Intel® oneAPI DPC++/C++ Compiler and Profile Guided Optimization Usage Guide for Unreal Engine* 5

Authors:

  • Jeff Rous

author-image

By

Introduction

New enhancements to the profile guided optimization (PGO) feature set are now available with the release of the Intel® oneAPI DPC++/C++ Compiler version 2024.0 (ICX), based on LLVM 17 compiler technology. Previously, only instrumented PGO was available which required a specially compiled binary. This required it capture its own profile traces to later feed into the linker, resulting in high overhead and low frame rates on games. With the ICX 2024.0 release, PGO is enhanced with hardware assistance. Now developers can leverage the processor’s dedicated performance monitoring unit and significantly reduce the collection overhead of these profile traces.

Beginning with Unreal Engine* version 5.4, support for the Intel ICX compiler, PGO, and HWPGO features are available to Unreal Engine developers on Windows*. This guide outlines how to use the features and how to maximize their performance.

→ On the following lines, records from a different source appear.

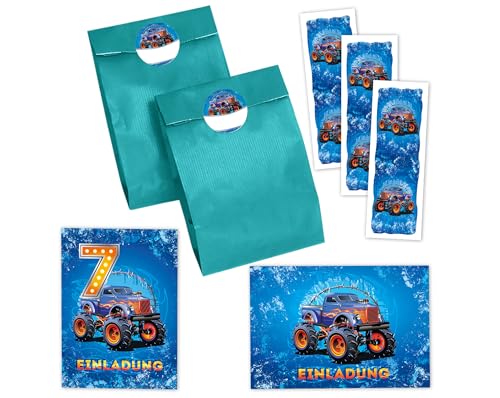 8 Einladungskarten zum 7. Kindergeburtstag Jungen Auto Monster-Truck Einladungen siebte Geburtstag incl. 8 Umschläge, 8 Partytüten/petrol, 8 Aufkleber, 8 Lesezeichen 8 Einladungskarten zum 7. Kindergeburtstag Jungen Auto Monster-Truck Einladungen siebte Geburtstag incl. 8 Umschläge, 8 Partytüten/petrol, 8 Aufkleber, 8 Lesezeichen von JuNa-Experten
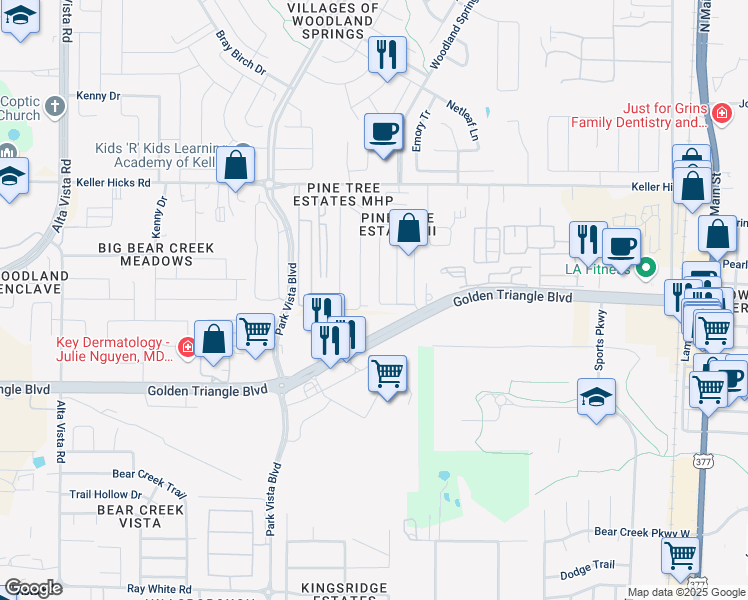 map of restaurants, bars, coffee shops, grocery stores, and more near 11117 Golden Triangle Circle in Fort Worth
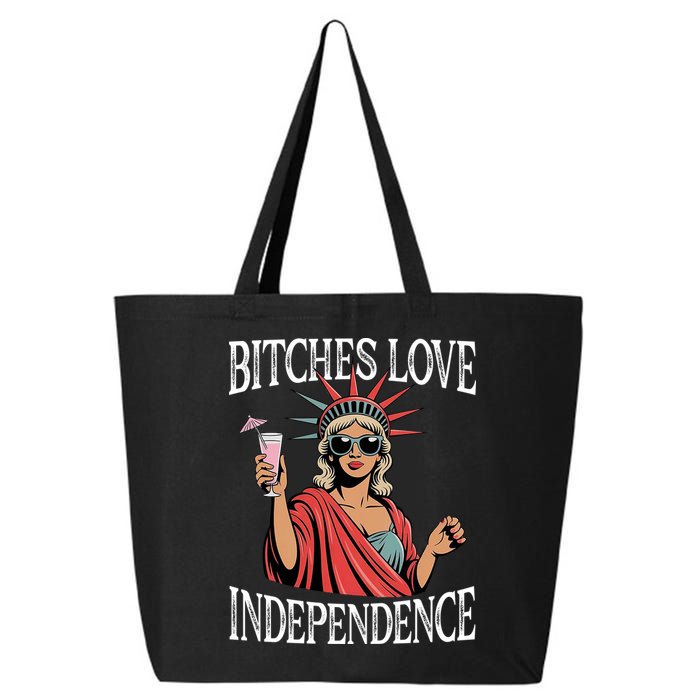 Retro Bitches Love Independence Funny 25L Jumbo Tote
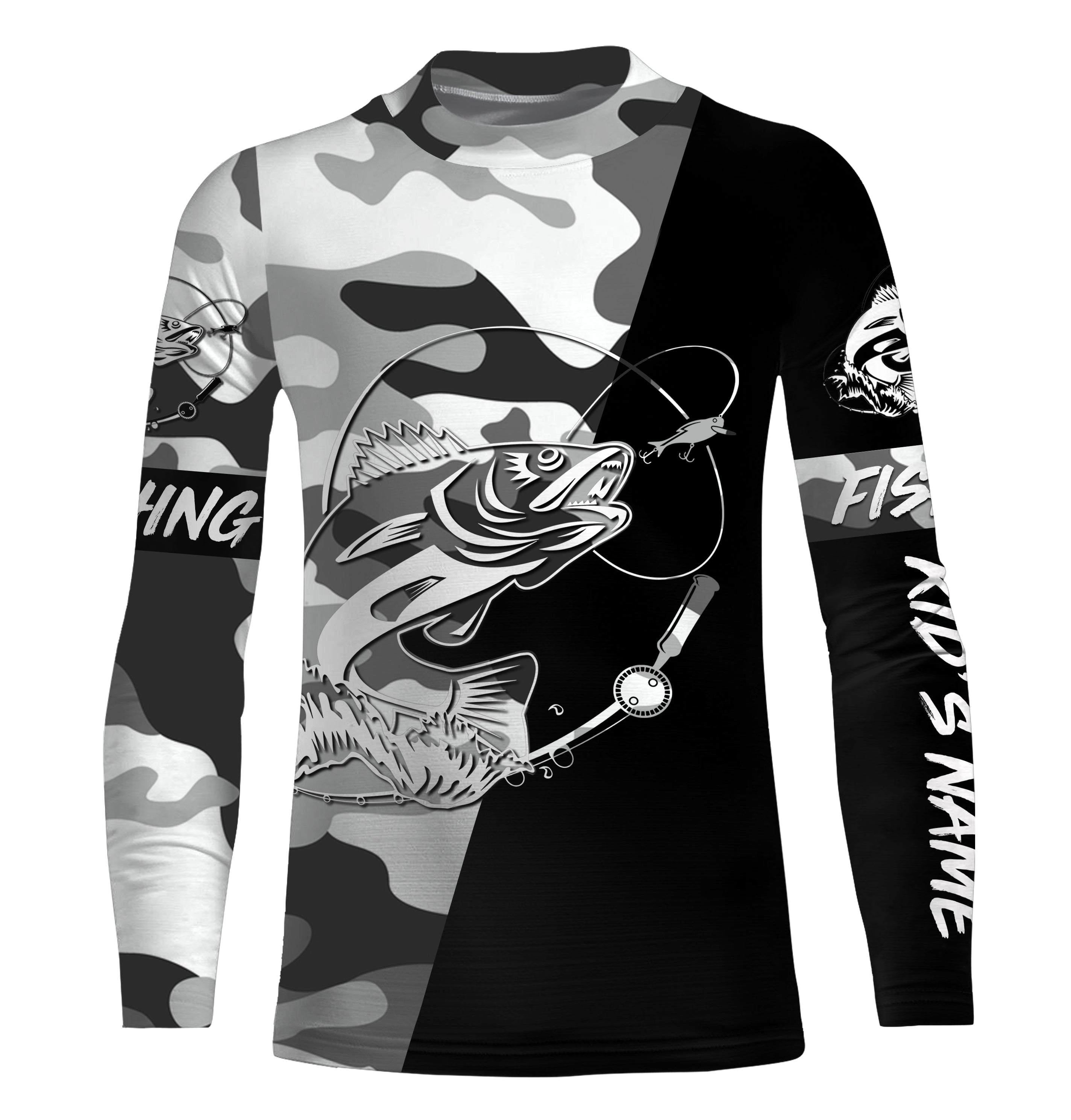 Ice fishing walleye winter camo Custom name fishing shirts jerseys | Kid Long Sleeves NPQ938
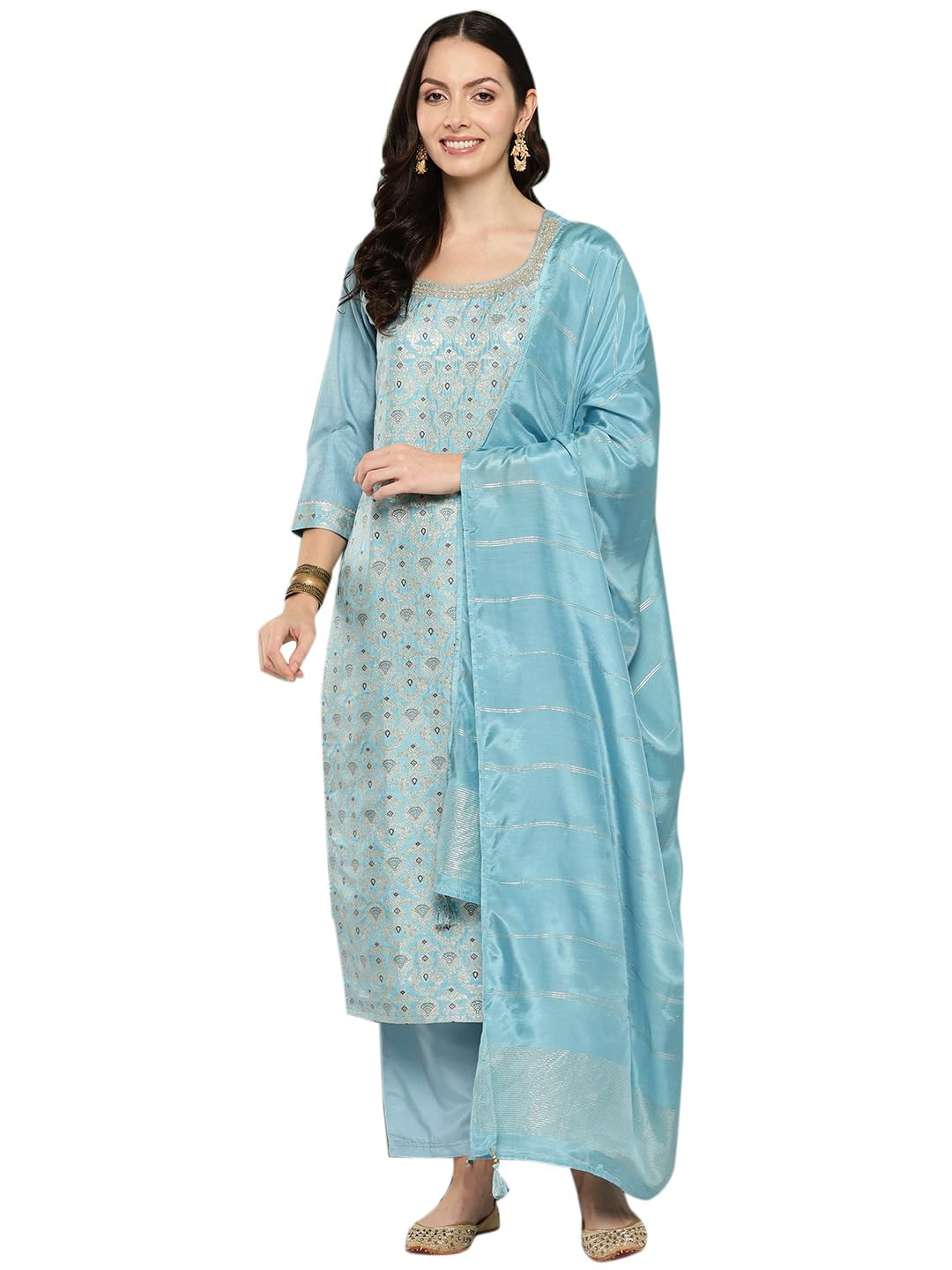 Libas Womens Woven Design Silk Blend Straight Kurta With Trousers and Dupatta - Authentic Libas Clothing | UrbanThreads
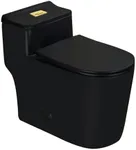 WinZo WZ5080B-G Compact One Piece Toilet With Golden Square Dual Flush 1.28 GPF 17.25" Comfortable Elongated Tall Bowl 12” Rough-in, Matte Black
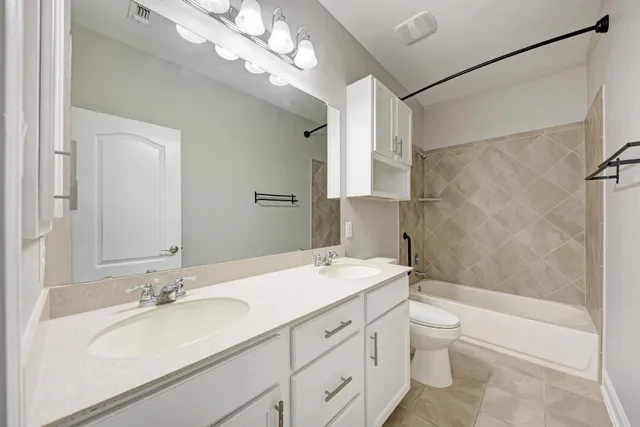 a bathroom with a sink a toilet and a large mirror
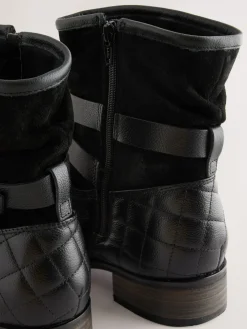 Next Black Leather Extra Wide Fit Leather Slouch Ankle Boots Sale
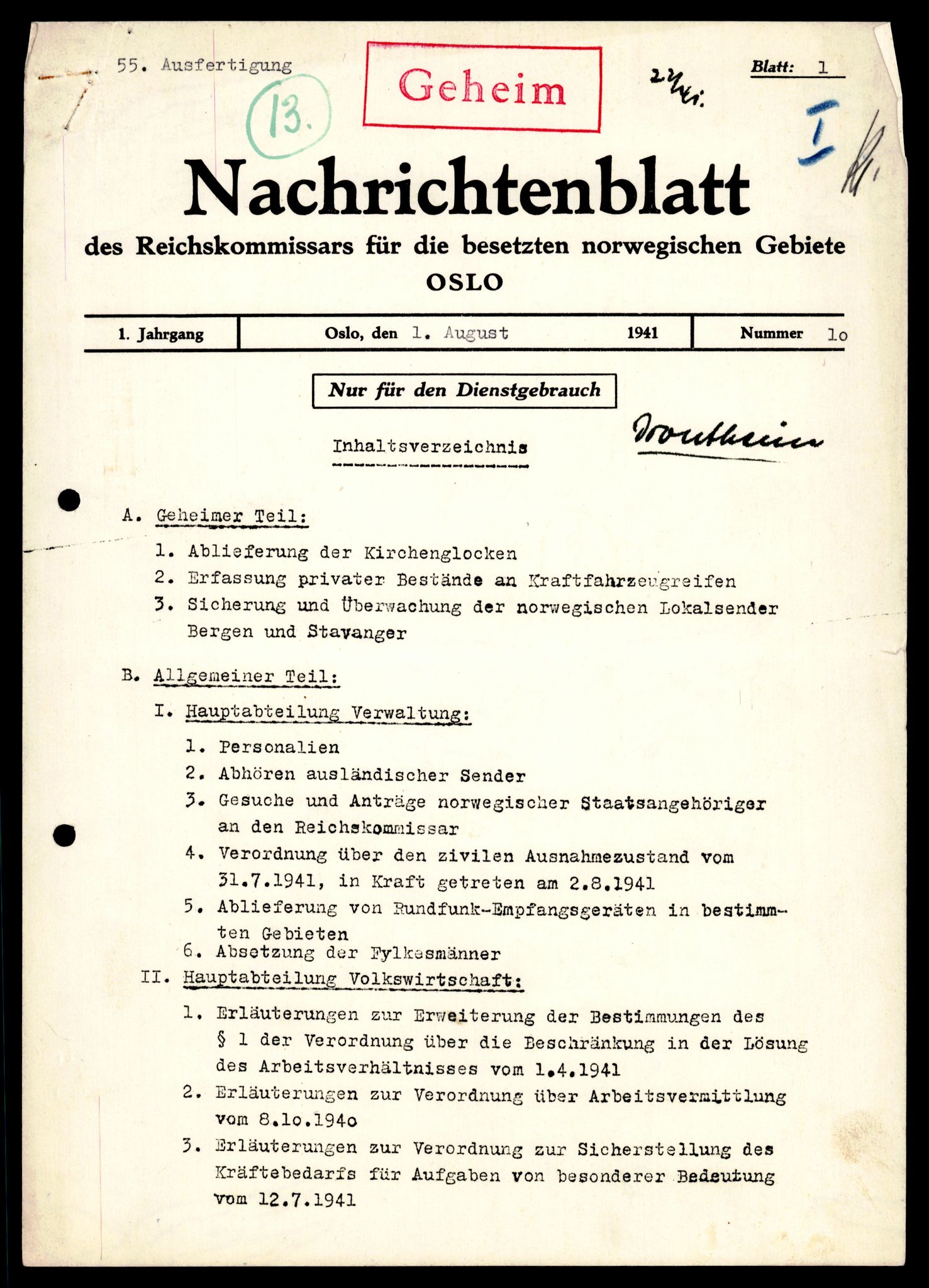 Forsvarets Overkommando. 2 kontor. Arkiv 11.4. Spredte tyske arkivsaker, AV/RA-RAFA-7031/D/Dar/Darb/L0002: Reichskommissariat, 1940-1945, p. 3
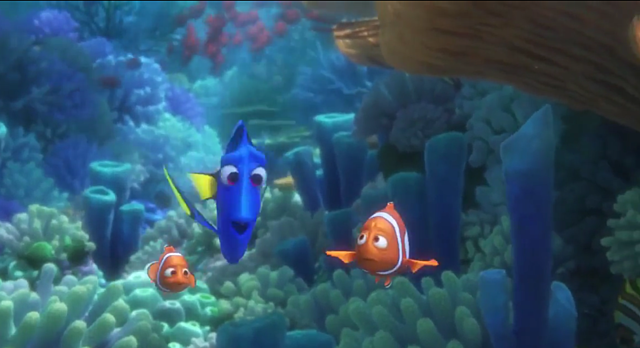 Dory si incammina per cercare i suoi genitori con Nemo e Marlin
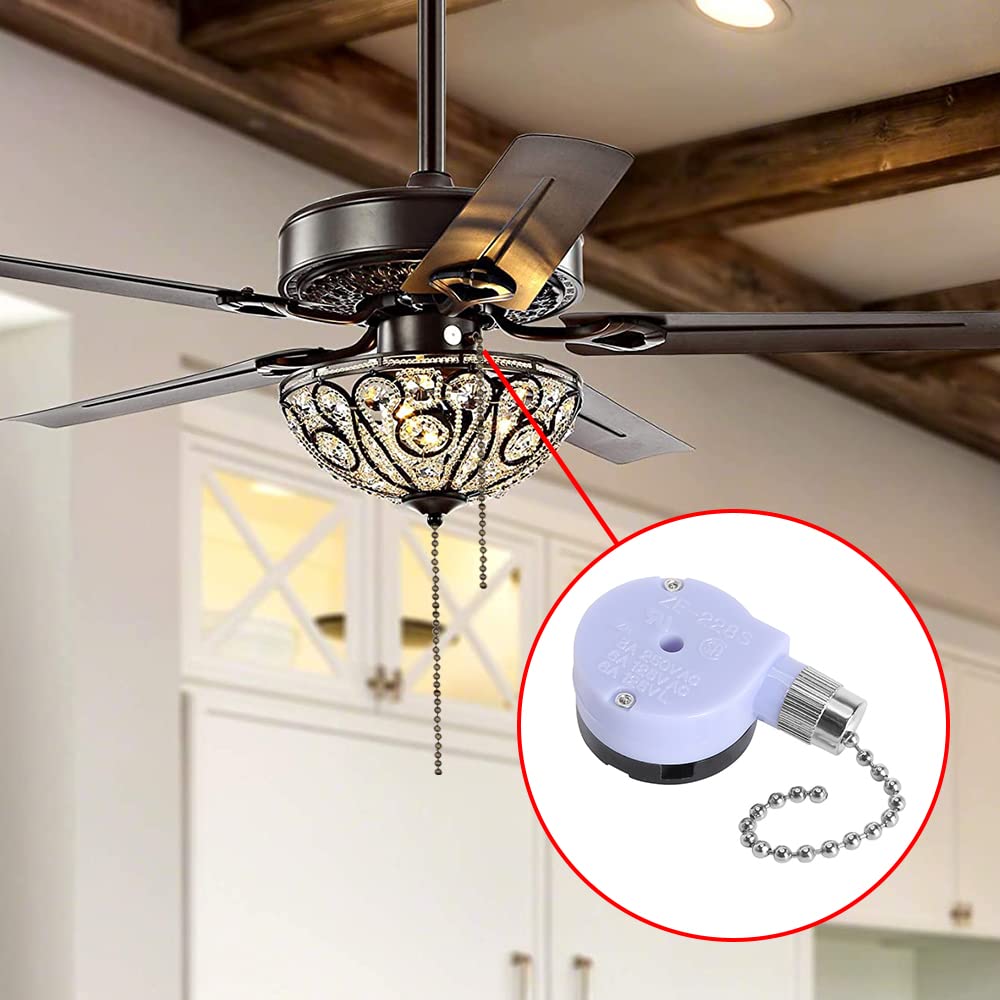 ZE-228s 2 Speed 3 Wire Ceiling Fan Switch Pull Chain Switch Lamps Replacement Parts Ceiling Fan Accessories(Nickel Chain)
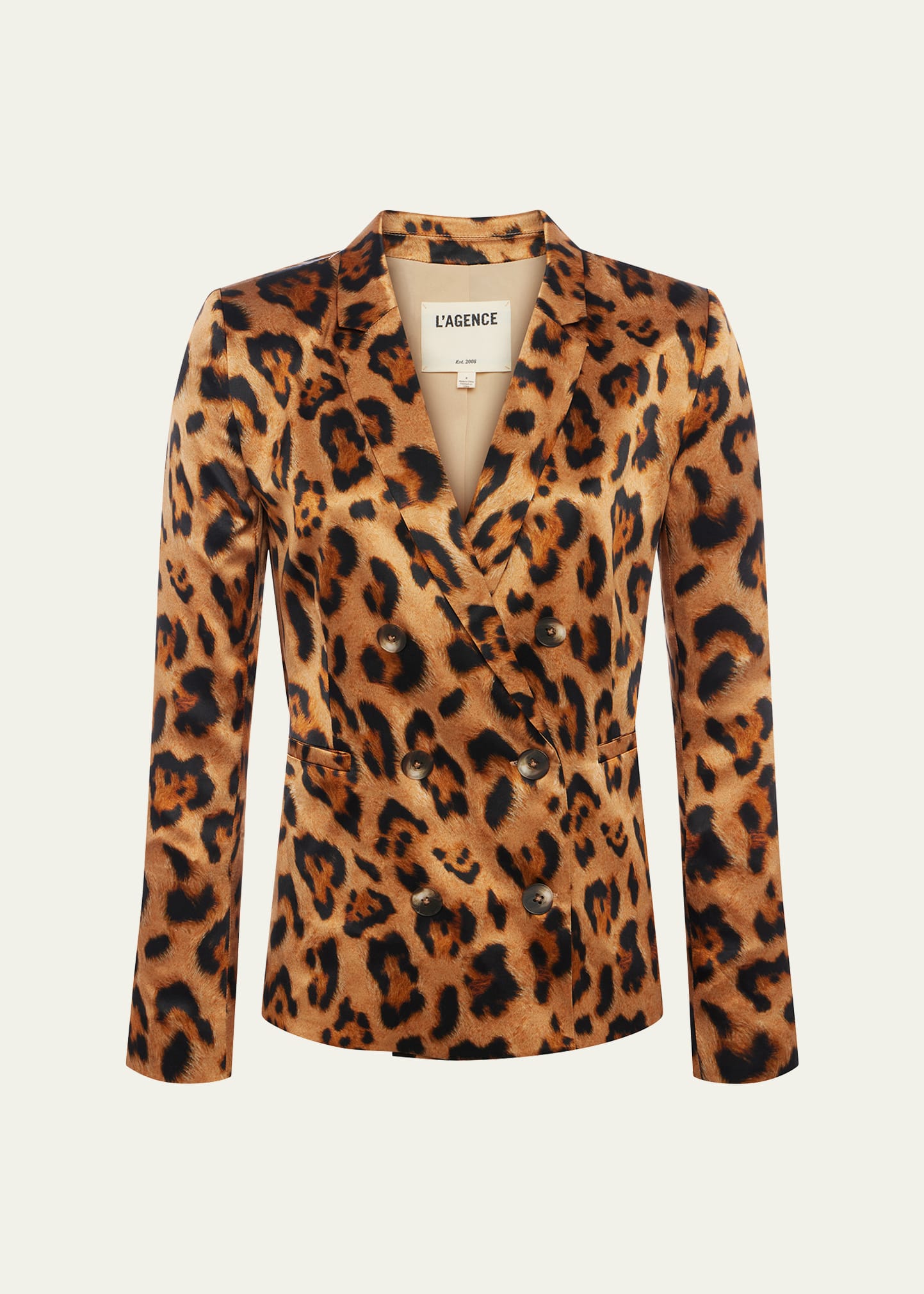 Shop L Agence Colin Leopard Double-breasted Blazer In Brown Multi Sahar
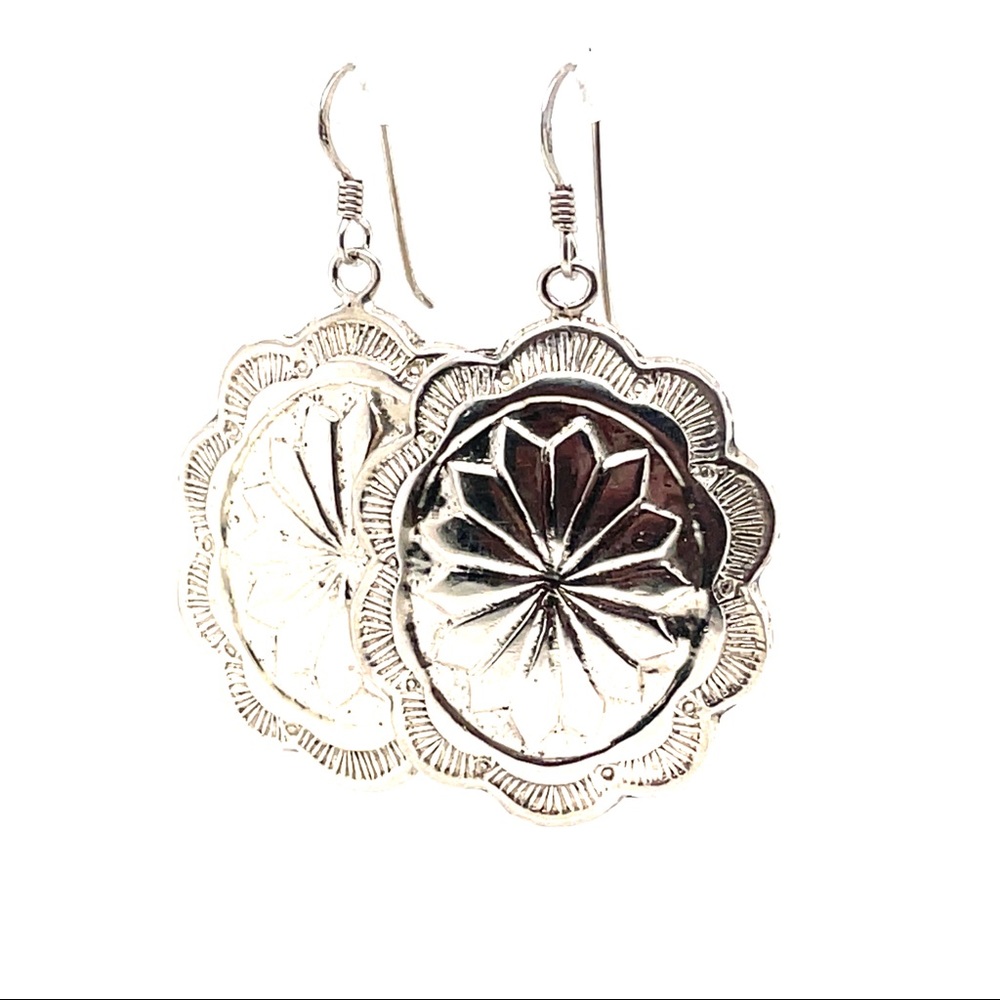Sterling Silver Oval Concho Dangle Earrings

Enable Intel oneAPI DPC++/C++ Compiler

The Intel oneAPI DPC++/C++ Compiler (ICX) is free to use and can be downloaded from this link.

Once the ICX compiler is installed, open Unreal Engine 5's BuildConfiguration.xml file and set Intel as the compiler of choice. The Clang linker option must be set whenever link time optimizations or PGO are used, or it can be disabled to instead use the Microsoft Visual Studio* (MSVC) linker.

<?xml version="1.0" encoding="utf-8" ?>
<Configuration xmlns="https://www.unrealengine.com/BuildConfiguration">
 <WindowsPlatform>
  <Compiler>Intel</Compiler>
  <bAllowClangLinker>true</bAllowClangLinker>
 </WindowsPlatform>
</Configuration>

Hardware (Sample-Based) PGO

Hardware (sample-based) PGO relies on programmable counters built into the performance monitoring unit of newer CPUs to capture performance data. With this hardware assistance, this results in very low overhead compared to instrumented PGO. To enjoy this advantage, a few steps need to be completed to reach an optimized build – building with profiling enabled, capturing a representative profile, processing and merging the profiles, and finally applying the profiles for an optimized build.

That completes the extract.